*** Opening of Source information ***

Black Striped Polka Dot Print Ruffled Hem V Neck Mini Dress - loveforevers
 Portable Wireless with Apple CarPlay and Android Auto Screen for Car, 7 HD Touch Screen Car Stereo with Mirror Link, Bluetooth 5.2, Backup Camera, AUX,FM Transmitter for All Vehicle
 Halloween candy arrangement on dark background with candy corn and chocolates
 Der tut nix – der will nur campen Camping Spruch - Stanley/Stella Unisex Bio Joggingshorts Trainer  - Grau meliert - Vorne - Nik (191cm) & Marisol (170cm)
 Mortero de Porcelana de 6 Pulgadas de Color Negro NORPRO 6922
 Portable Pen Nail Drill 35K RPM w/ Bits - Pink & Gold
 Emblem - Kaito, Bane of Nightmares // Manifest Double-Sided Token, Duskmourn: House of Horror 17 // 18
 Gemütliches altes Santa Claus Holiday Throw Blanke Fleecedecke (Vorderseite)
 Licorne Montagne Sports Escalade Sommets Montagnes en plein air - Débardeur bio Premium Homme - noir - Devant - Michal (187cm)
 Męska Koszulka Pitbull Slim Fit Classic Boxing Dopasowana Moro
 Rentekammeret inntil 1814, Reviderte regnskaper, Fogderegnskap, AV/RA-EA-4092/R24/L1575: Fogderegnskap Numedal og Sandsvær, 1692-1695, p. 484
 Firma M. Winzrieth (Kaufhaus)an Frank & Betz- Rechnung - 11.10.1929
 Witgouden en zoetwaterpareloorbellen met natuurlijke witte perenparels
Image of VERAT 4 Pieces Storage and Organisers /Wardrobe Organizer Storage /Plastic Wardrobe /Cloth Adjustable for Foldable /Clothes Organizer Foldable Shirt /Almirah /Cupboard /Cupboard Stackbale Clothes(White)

*** Close of Source information ***

What needs to be done: Begin with the line containing "Licorne Montagne Sports" and repeat each line exactly until the records above end.

Answer to this problem:
 Licorne Montagne Sports Escalade Sommets Montagnes en plein air - Débardeur bio Premium Homme - noir - Devant - Michal (187cm)
 Męska Koszulka Pitbull Slim Fit Classic Boxing Dopasowana Moro
 Rentekammeret inntil 1814, Reviderte regnskaper, Fogderegnskap, AV/RA-EA-4092/R24/L1575: Fogderegnskap Numedal og Sandsvær, 1692-1695, p. 484
 Firma M. Winzrieth (Kaufhaus)an Frank & Betz- Rechnung - 11.10.1929
 Witgouden en zoetwaterpareloorbellen met natuurlijke witte perenparels
Image of VERAT 4 Pieces Storage and Organisers /Wardrobe Organizer Storage /Plastic Wardrobe /Cloth Adjustable for Foldable /Clothes Organizer Foldable Shirt /Almirah /Cupboard /Cupboard Stackbale Clothes(White)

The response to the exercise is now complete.